Natural Language Processing
The evolution of Natural Language Processing and its impact on our daily lives
Language as our means of communication is present in every aspect of life in various forms. Human brain is capable of interpreting language input instantly and create relevant information or act accordingly in response. Natural Language Processing (NLP) is based on the idea of automation of human language analysis to perform various resource intensive tasks for humans.
The advancements in NLP technology and its impact on society
In today’s world, NLP technology is all around us in everyday life. From automatic translation on our social media posts, response suggestions on our emails to home assistant devices recognizing our voice and following our commands are all profiting from NLP technology or chatbots on websites answering customers’ FAQs. In its early stages, language processing relied primarily on rule-based systems, in which linguistics or domain experts defined the rules for interpreting language. As an example imagine in an airport information help desk website as soon as the algorithm finds the word “delay” it will forward the message to the corresponding department. Rule based systems are quite rigid and limited albeit robust.
Like many other technological fields, NLP has evolved with the rise of AI and machine learning algorithms. As well with the advancement in using parallel computational power and emergence of deep learning technology.
NLP applications: from text classification to image captioning
Some generic NLP tasks which have the lead in NLP technology are Text Classification, Machine translation, Summarization, Information Retrieval and Natural Language Generation.
Text classification is a supervised machine learning task in NLP in which a label is assigned to a piece of text. Text classification can range from general tasks such as Sentiment analysis, Spam detection to domain specific tasks such as legal document classification or Medical Diagnosis based on patient record archives.
Machine translation is the automated task of translating a natural language to another. Well known examples of such applications implementing Machine Translation are DeepL and google translator.
Automatic Summarization is a NLP task which aims at providing a summary of long documents. Two methods of automatic summarization are extractive and abstractive. Extractive summarization extracts salient parts of texts which contain the main points of multiple or one documents verbatim. One known example of extractive summarization is the text extracts provided by search engines on the searched topic. On the other hand, the goal of abstractive summarization is to interpret the input document(s) and provide a paraphrase of the main points.
Information Retrieval (IR) involves retrieving relevant information from a pool of available data based on a query.

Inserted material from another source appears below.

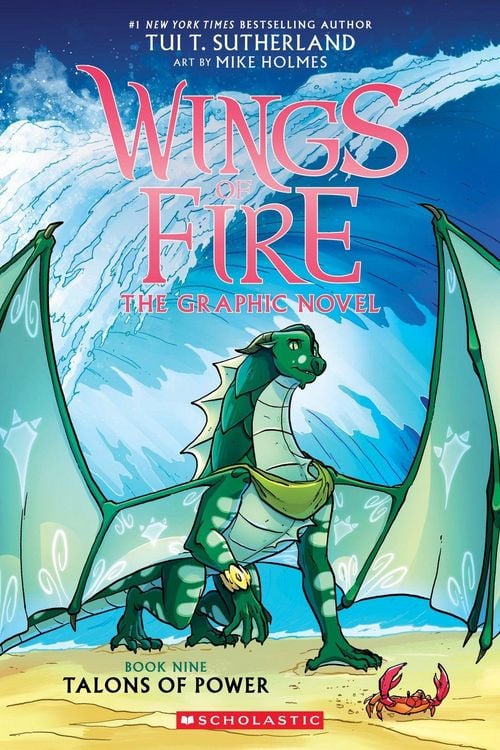 Produktbild: Talons of Power (Wings of Fire Graphic Novel #9)
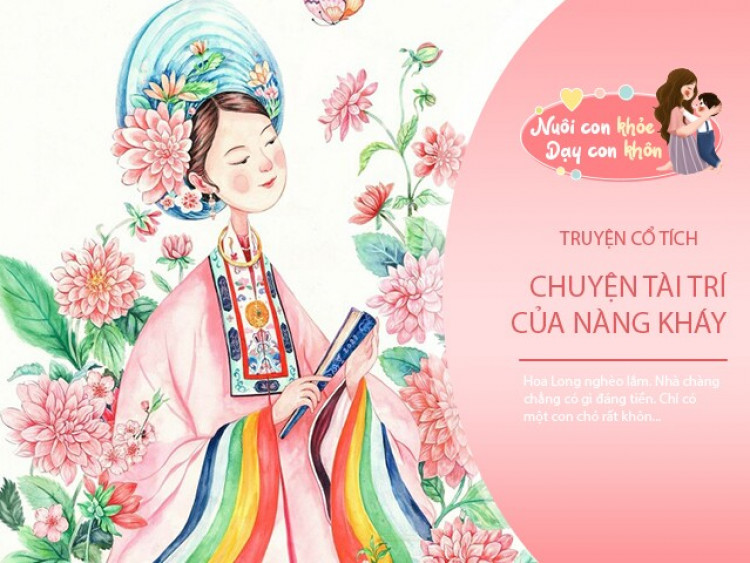 Truyện cổ tích: Tài trí của nàng Kháy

The query may contain contextual or meta data, and querying a search engine is the most prominent example of IR. NLP technology empowers search engines and has improved the quality of search results, resulting in more semantically related outcomes than relying solely on exact keywords.
Natural Language Generation (NLG) refers to the use of NLP technology to produce human language. NLG is employed in many NLP tasks such as abstractive summarization, Image captioning, question answering, machine translation and so on.
NLP Beyond Text: Multi-modal Sentiment Analysis and Other Developments
The tasks described above mainly rely on text as input and produce textual information as output. Additionally, NLP tasks such as Speech recognition, Speech Synthesis, Text to Speech, and Image Captioning are also included. Researchers have also explored multi-modal settings for tasks such as Sentiment Analysis, which involves extracting emotions from inputs that include not only language but also images and videos.
NLP technology has hugely improved over decades and had a leap forward by the invention of transformers based on deep learning technology and is now omnipresent in our modern daily life.
Natural Language Processing technology has evolved greatly since early rule-based systems. With the advent of artificial intelligence and machine learning, NLP has become a powerful tool for automating language analysis and performing a wide range of tasks. From text classification to machine translation, summarization, information retrieval, and natural language generation, NLP is changing the way we communicate and access information. As NLP continues to advance, we can expect even more exciting developments and new applications in the future.